Una lettura istruttiva ci viene dai dati Istat. In un Paese che invecchia, dal febbraio del 2020 ad oggi, abbiamo perduto 175 mila giovani tra i 15 e i 34 anni. Le persone occupate al di sotto dei 35 anni erano quasi 7 milioni nel 2008, allo scoppio della crisi finanziaria, nel dicembre 2021 sono poco più di 5 milioni. Abbiamo più anziani. E meno giovani, molti dei quali non trovano lavoro o hanno occupazioni precarie, pagate scandalosamente poco, mentre i più qualificati, quando non vanno all’estero, sono sommersi dalle offerte. Scelgono, non vengono scelti. Non era mai accaduto. Poi ci sono tanti lavori che gli italiani non vogliono assolutamente fare, quelli di molti loro padri o nonni migranti. Il presidente di Confindustria, Carlo Bonomi, intervistato ieri sul Corriere da Federico Fubini, ricordava che lavora soltanto il 37 per cento dei nostri connazionali. Aggiungiamo noi, il 59 per cento tra i 15 e i 64 anni. Il lavoro non manca, volendolo, manca qualche volta la voglia di farlo.

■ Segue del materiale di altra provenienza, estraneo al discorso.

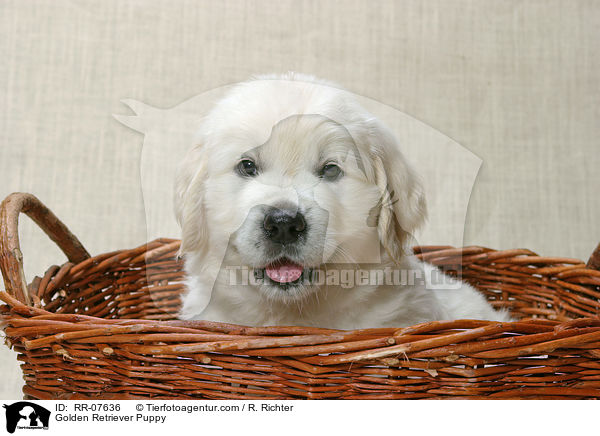 Golden Retriever Welpe / Golden Retriever Puppy / RR-07636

Nell’ultimo bollettino di Unioncamere e Anpal le assunzioni a gennaio sono state 458 mila e si stima arriveranno a 1,2 milioni nel primo trimestre dell’anno. Molti (troppi) di questi contratti sono a tempo determinato. Ma le aziende non riescono a trovare il 38 per cento dei profili di cui hanno bisogno, soprattutto nelle costruzioni (58 per cento). Non ci sono tecnici informatici, attrezzisti, operai, artigiani, specie del legno, fonditori, saldatori. La richiesta di lavoratori immigrati è cresciuta del 59 per cento, largamente oltre gli ingressi programmati e quindi non trova soddisfazione. Ma ogni decreto flussi, che disciplina l’arrivo di lavoratori da altri Paesi, è visto come un cedimento controvoglia alla realtà, deciso nottetempo, di cui meglio non parlare. Quasi ci si vergogna.